A song that you can enjoy aesthetically or for its cheery thesis: That music is a subset of advertising.
"I just, kind of always wanted to see what it would be like to, you know, sing for money on the streets. So what I'm going to do is, I'm going to find a good place." Erykah Badu busks in Times Square.
Here is New Zealand's Yumi Zouma with a genuinely relaxing track. It's a build-and-release song structure, except muted: It doesn't work you up—it gets your attention and then calms you down.
An unexpectedly devastating video for the producer's first collaboration with Kendrick Lamar. Up and away. (See also.)
Lost in the slightly tense but mostly tepid feud between songwriter Dev Hynes (aka Blood Orange) and Sky Ferreira over artistic ownership of "Everything Is Embarrassing" is the document itself. Ferreira's version, the enormous hit, is slick and perfect and instantly imprints itself on your brain, where it is stored as just one or two repeating stanzas. Hynes's version, a functional and unpolished demo, feels small and tentative—it sounds embarrassed.
Prince is releasing two full albums before 2015, both of which will be granted, by default, rigorous consideration by people who have at any point prior cared about Prince. But what on Earth does a teenager make of this? Will the youngest listeners hear this song and think, oh, Prince, dad, whatever? Or will they wonder, who is Prince, I've heard of him somewhere, and then maybe Google him? Does he just get to reappear, no questions asked, his legacy venerated unquestionably, his singles made hits in whatever order planned? Or does Prince have to plead a new case? Anyway: a pretty fun song.
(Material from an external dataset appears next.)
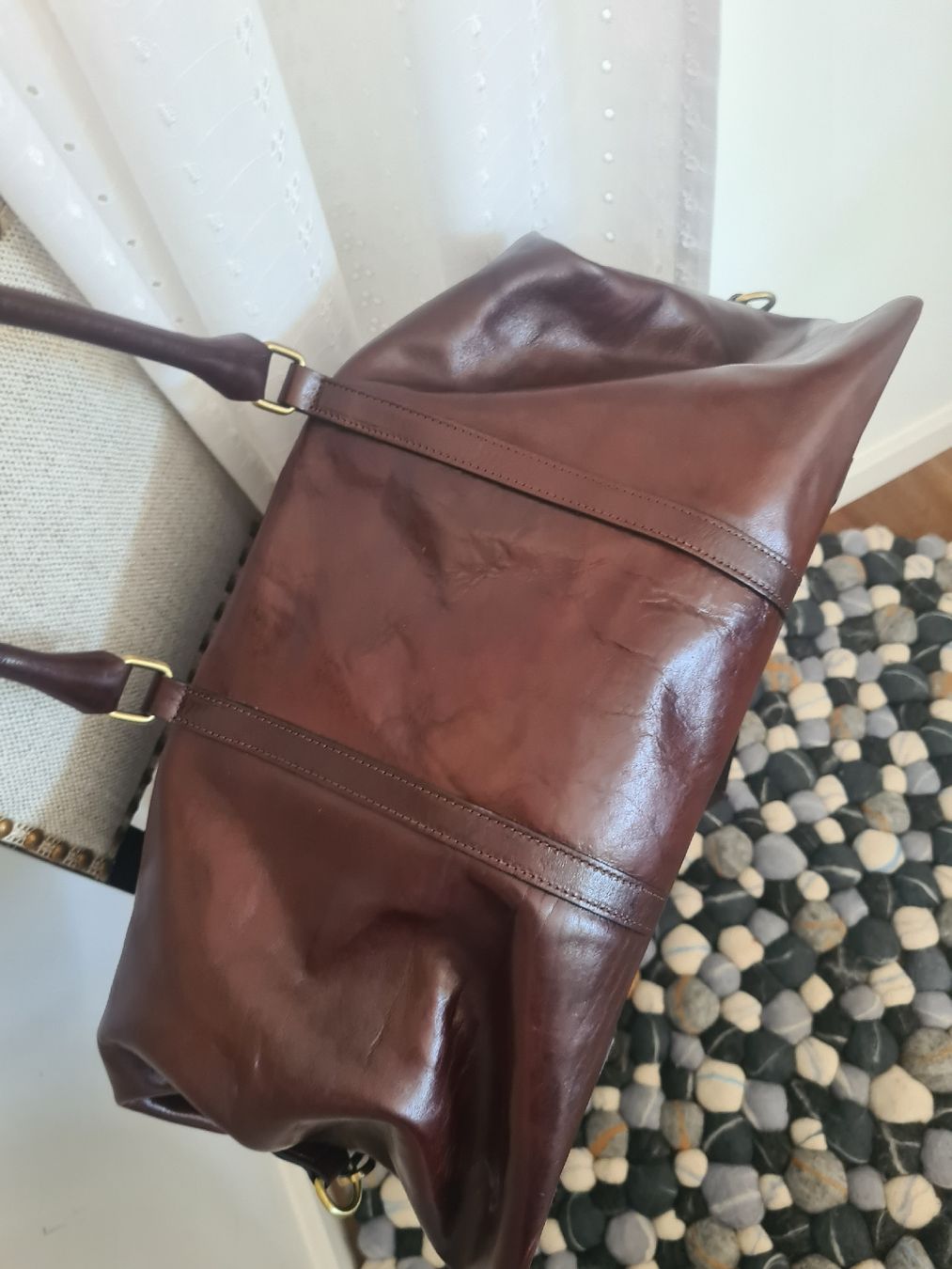 Navyboot Sacs femmes: Tasche braun Leder weekender navyboot – D'occasion à Adligenswil par FriedasWelt 4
You can listen to Raury's debut here, in its entirety. It's the work of someone who is, by any traditional indication, about to explode—he's signed, rumored to be working with Kanye West—and it's shot with surprises. Raury is also 18, which is impossible not to think about as this strange and astonishing album weaves and wobbles through folk, pop, R&B and collage without breaking step.